## Source material
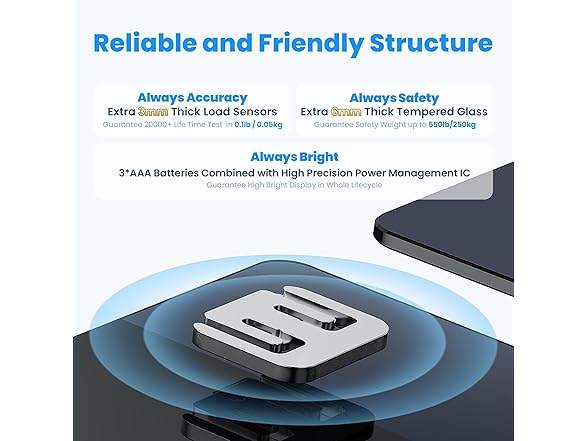 Vitafit 550lb Smart Bathroom Scale Body Weight - Gallery 8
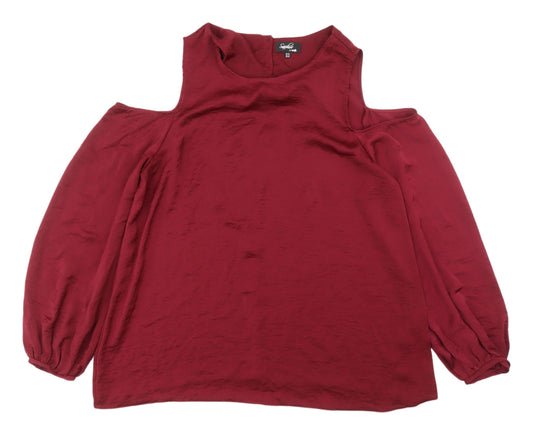 Wallis Women's Red Cold Shoulder Blouse Size 16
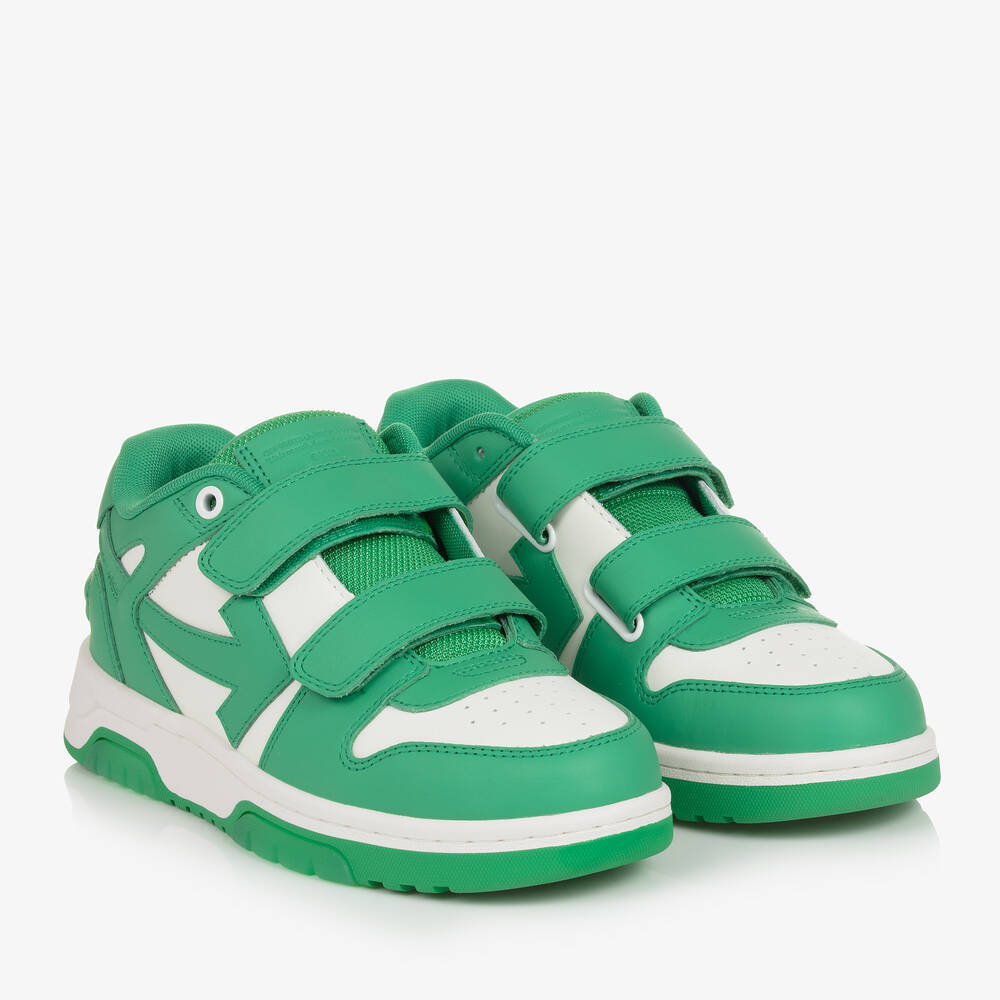 Off-White - Teen Boys Green & White Leather Trainers | Childrensalon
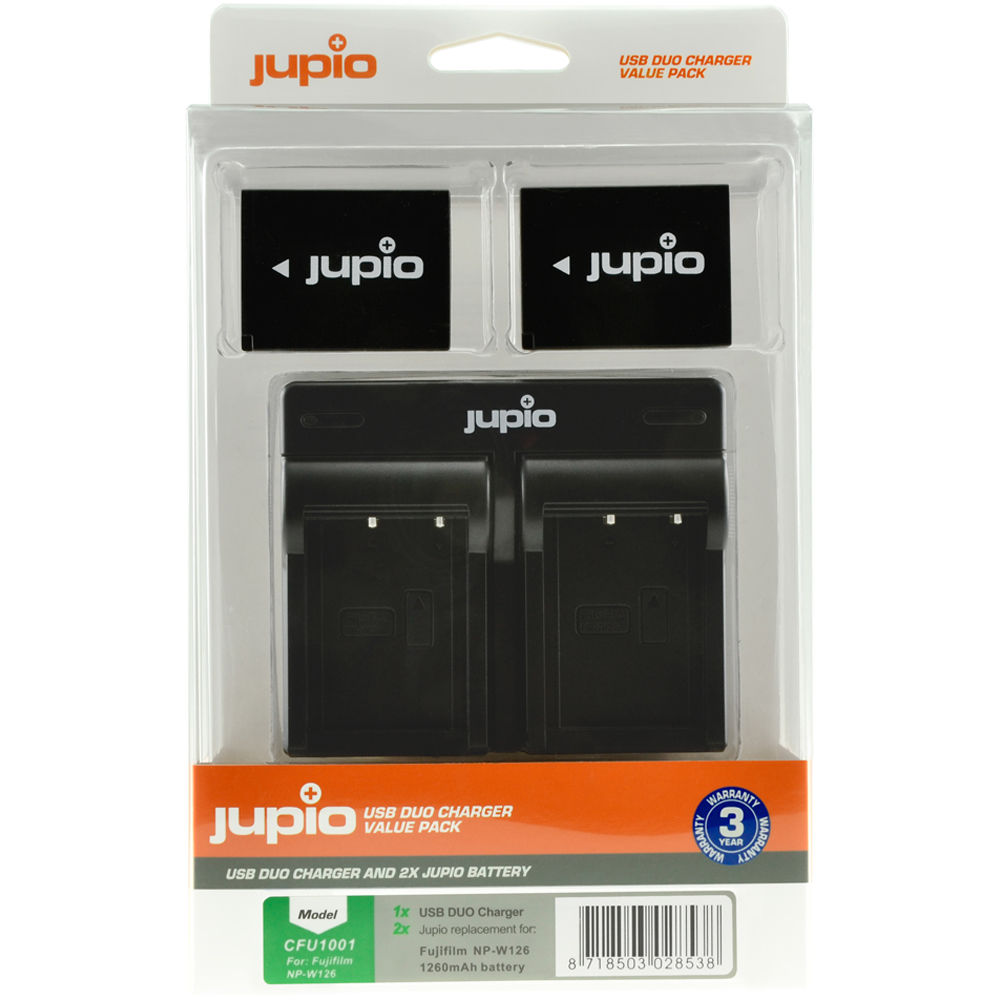 Jupio Fuji NP-W126S Twin Battery + USB Dual Charger Kit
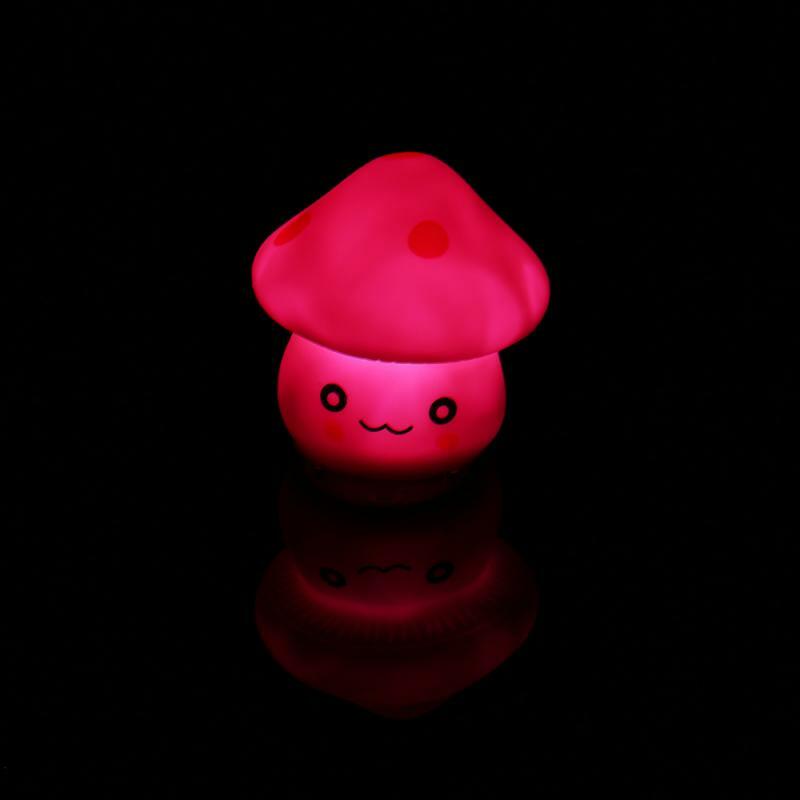 1 Buah 6 Warna Lampu Jamur LED Berubah Lucu Lampu Pesta Mini Lembut Bayi Anak Lampu Tidur Malam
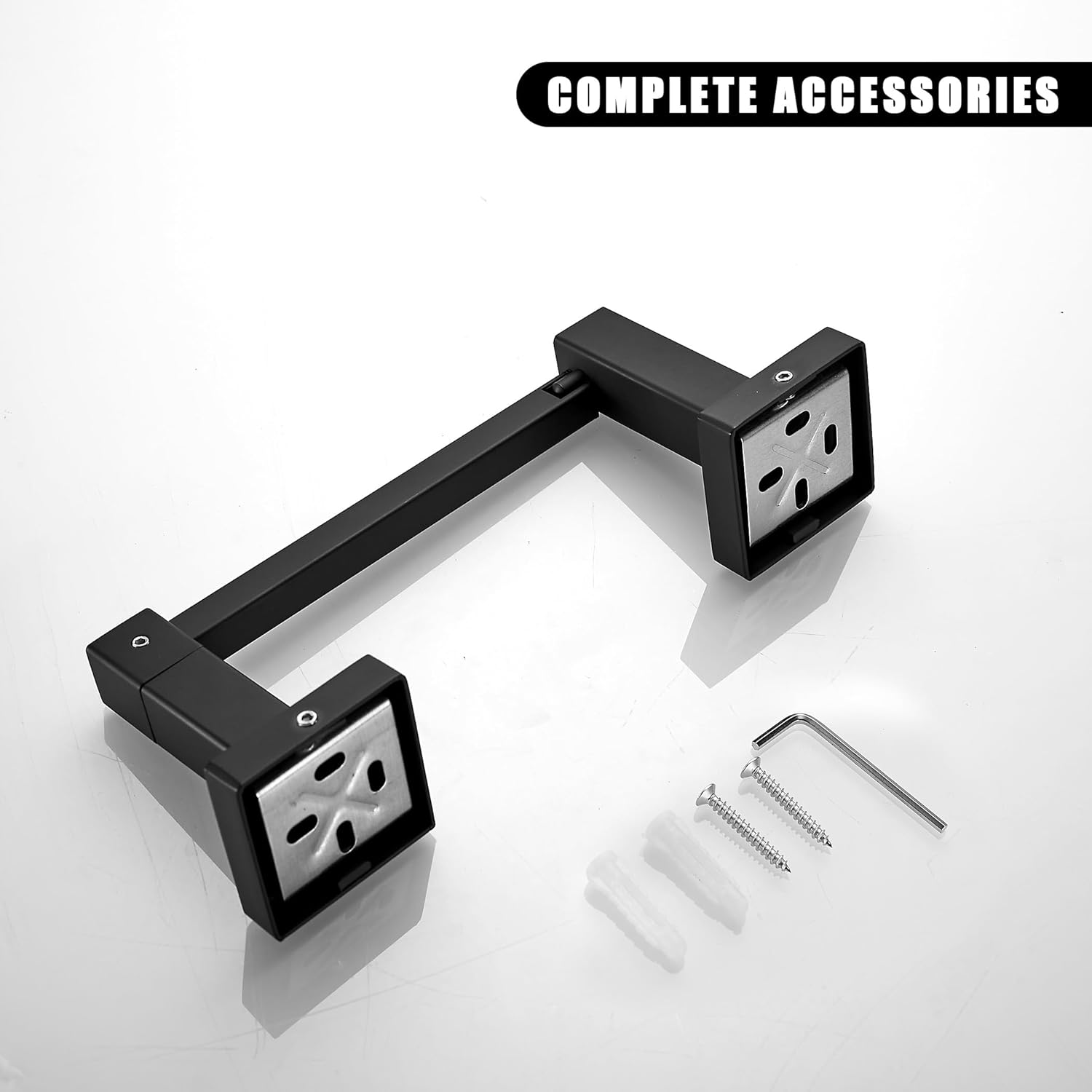 Soporte de papel higiénico negro, moderno soporte para toallas para pared de baño, soporte para toallas de papel higiénico negro mate, soporte para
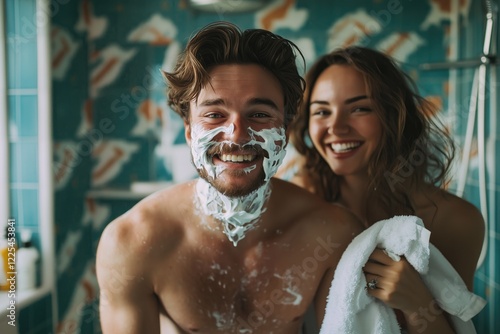Couple's morning shaving routine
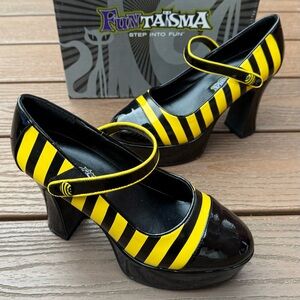 FunTasma Bumble Bee Striped Platform Heels - Black/Yellow (US 7)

## What this task involves
Verbatim copy without images: write the records above out in full.

## Answer area
 Vitafit 550lb Smart Bathroom Scale Body Weight - Gallery 8
 Wallis Women's Red Cold Shoulder Blouse Size 16
 Off-White - Teen Boys Green & White Leather Trainers | Childrensalon
 Jupio Fuji NP-W126S Twin Battery + USB Dual Charger Kit
 1 Buah 6 Warna Lampu Jamur LED Berubah Lucu Lampu Pesta Mini Lembut Bayi Anak Lampu Tidur Malam
 Soporte de papel higiénico negro, moderno soporte para toallas para pared de baño, soporte para toallas de papel higiénico negro mate, soporte para
Couple's morning shaving routine
 FunTasma Bumble Bee Striped Platform Heels - Black/Yellow (US 7)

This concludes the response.